Numa falha grotesca de comunicação, ele não informou o motivo do confisco: a porta estaria com problemas? A chave emperrava? Ou ele só queria poder controlar mais as filhas?
Em casa, se deu a terceira guerra mundial: pedi a chave de volta, tretamos muito feio e foi a única vez em que recuei para que não houvesse um rompimento definitivo da nossa relação. Ali, se fez mais forte a vontade de ter um canto meu e me preservar. Ali, Rita Lee começou a fazer parte da minha trilha sonora.
Para completar, alguns meses depois deste episódio recebi um textão muy amigo de aniversário na internet, com um termo que ecoa na minha cabeça até hoje. Minha mãe disse, entre outras coisas, que eu era cruel. Sim, cruel. Apesar de tantos elogios, essa palavra me marcou como uma das maiores ofensas recebidas na minha vida, não só por ter vindo dela, mas também pela palavra utilizada.
Nunca manifestei minha insatisfação diretamente, apesar de não me faltar vontade. Mas sabemos que cruel é quem maltrata animais, quem usa as pessoas, quem é desumano, quem se satisfaz com o mal. E sei que ela utilizou a palavra pra resumir um ano em que tivemos constantes embates.

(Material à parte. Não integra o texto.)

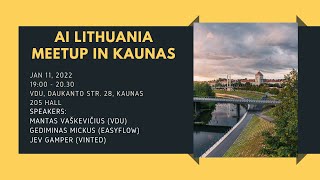 AI Lithuania meetup in Kaunas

Após ver tantas reflexões de pessoas que passaram por coisas parecidas comigo, me sinto orgulhosa. Ainda que a palavra me doa e me persiga, é o início do fim de um estigma. A filha cruel era só uma jovem adulta tentando ter sua privacidade. A filha cruel é só alguém que conquistou sua independência muito antes de ter se mudado. A filha cruel é só aquela que vai orgulhar apenas nas coisas que escolher se orgulhar, e não naquelas coisas que os pais esperam. A filha cruel é só aquela que exigia respeito.
Num apartamento perdido na cidade
Na medida do impossível tá dando pra se viver. E estar todos os dias nessa parte arborizada da zona norte é muito especial.

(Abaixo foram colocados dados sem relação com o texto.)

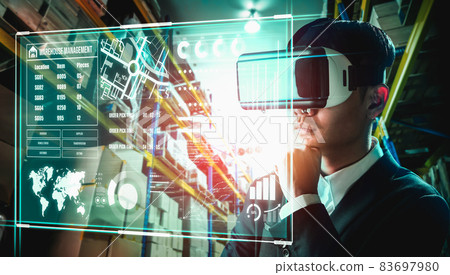 Future virtual reality technology for innovative VR warehouse management 83697980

No apartamento cinquenta e quatro, entendi que me mudar foi uma conquista imensa e que me trouxe muito aprendizado, mas que eu já havia cortado o cordão umbilical muito antes.
No apartamento cinquenta e quatro, posso me dar ao luxo de,tal qual Rita Lee, não falar com ninguém, não saber da vida de ninguém nem querer que ninguém saiba da minha.
No apartamento cinquenta e quatro, ninguém confisca minhas chaves.